The 10-day poll is organised by protest group Occupy Central, which says more than 700,000 have already voted online or in person.
A Hong Kong government spokesman has said the vote has no legal standing.
Campaigners want the former British colony to be able to elect their leader, or the chief executive. China has pledged direct elections by 2017.
However, voters will only have a choice from a list of candidates selected by a nominating committee, and China’s communist authorities have said all candidates must be “patriotic”.
The voting in polling stations or on popvote.hk website began on 20 June. The deadline was originally set at 22 June, but was later extended after what organised claimed were several cyber attacks on the website.

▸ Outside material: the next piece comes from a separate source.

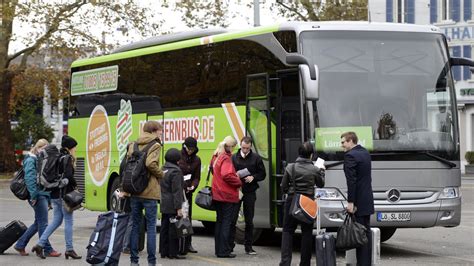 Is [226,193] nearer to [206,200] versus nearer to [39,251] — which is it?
[206,200]

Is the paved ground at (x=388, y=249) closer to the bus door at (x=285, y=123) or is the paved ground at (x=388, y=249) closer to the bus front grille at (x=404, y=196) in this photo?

Demonstrators have been urging residents to vote in the unofficial poll
Popvote.hk was designed by the University of Hong Kong and Hong Kong Polytechnic University to measure support for Occupy Central’s campaign.
Analysis: Juliana Liu, BBC News, Hong Kong
The organisers behind the unofficial referendum have added nine more polling stations on the last day of the exercise in the hope of reaching more voters, especially the elderly or those living in Hong Kong’s outlying islands.

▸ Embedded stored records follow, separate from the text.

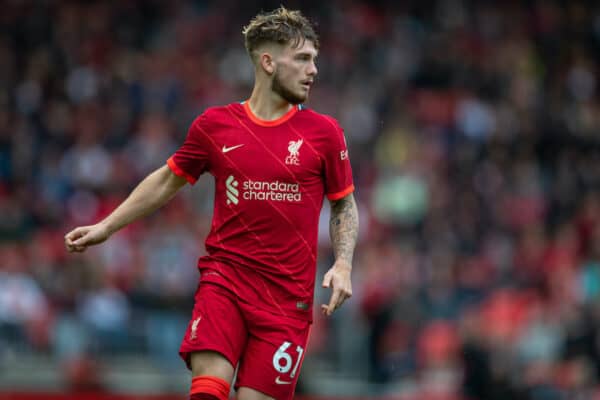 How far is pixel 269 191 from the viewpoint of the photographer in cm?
704

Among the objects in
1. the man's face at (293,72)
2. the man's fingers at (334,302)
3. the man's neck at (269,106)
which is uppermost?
the man's face at (293,72)

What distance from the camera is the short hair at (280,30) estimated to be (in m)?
7.14

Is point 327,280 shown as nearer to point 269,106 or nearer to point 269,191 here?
point 269,191

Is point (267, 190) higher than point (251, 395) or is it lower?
higher

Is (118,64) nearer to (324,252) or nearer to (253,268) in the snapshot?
(324,252)

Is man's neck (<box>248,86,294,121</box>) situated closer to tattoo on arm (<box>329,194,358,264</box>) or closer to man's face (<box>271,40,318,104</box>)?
Result: man's face (<box>271,40,318,104</box>)

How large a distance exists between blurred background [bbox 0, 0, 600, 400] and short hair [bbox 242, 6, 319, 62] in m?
5.97

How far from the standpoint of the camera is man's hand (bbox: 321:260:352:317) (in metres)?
6.71

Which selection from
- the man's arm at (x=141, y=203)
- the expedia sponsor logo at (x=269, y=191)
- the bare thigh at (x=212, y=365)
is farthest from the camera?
the man's arm at (x=141, y=203)

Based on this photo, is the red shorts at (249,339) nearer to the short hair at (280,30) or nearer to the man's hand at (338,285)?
the man's hand at (338,285)

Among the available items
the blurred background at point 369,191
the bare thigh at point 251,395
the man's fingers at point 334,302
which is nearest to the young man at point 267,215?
the bare thigh at point 251,395

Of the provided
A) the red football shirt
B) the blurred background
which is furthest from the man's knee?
the blurred background

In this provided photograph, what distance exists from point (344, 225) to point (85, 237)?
4.99ft

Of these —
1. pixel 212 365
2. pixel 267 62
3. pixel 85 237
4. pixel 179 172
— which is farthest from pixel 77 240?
pixel 267 62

The University of Hong Kong polling firm that oversees the vote says nearly 760,000 votes have been received. But more than 50,000 seem to be repeat votes, and were eliminated as a result.
The vote is not legally binding. Still, the large turnout, in a city with just 3.5 million registered voters, sends a strong message that a significant part of the Hong Kong public is unhappy with the Chinese government’s plans for reform.
Beijing has criticised the referendum. Official disapproval seems to have spurred more voters to take part.
In the referendum, voters have the choice of three proposals – all of which involve allowing citizens to directly nominate Hong Kong’s chief executive – to present to the Beijing government.
Pro-democracy activists want the public to nominate the candidates.
But Chinese leaders believe this is illegal and would like to see a committee decide who is on that public ballot, effectively limiting the candidate field to those approved by the authorities in Beijing.
The vote is seen as a prelude to a campaign of dissent that could shut down Hong Kong’s financial district, the BBC’s Juliana Liu in Hong Kong reports.
Hong Kong was handed back to China in 1997 following a 1984 agreement between China and Britain.
China agreed to govern Hong Kong under the principle of “one country, two systems”, where the city would enjoy “a high degree of autonomy, except in foreign and defence affairs” for 50 years.
As a result, Hong Kong has its own legal system, and rights including freedom of assembly and free speech are protected.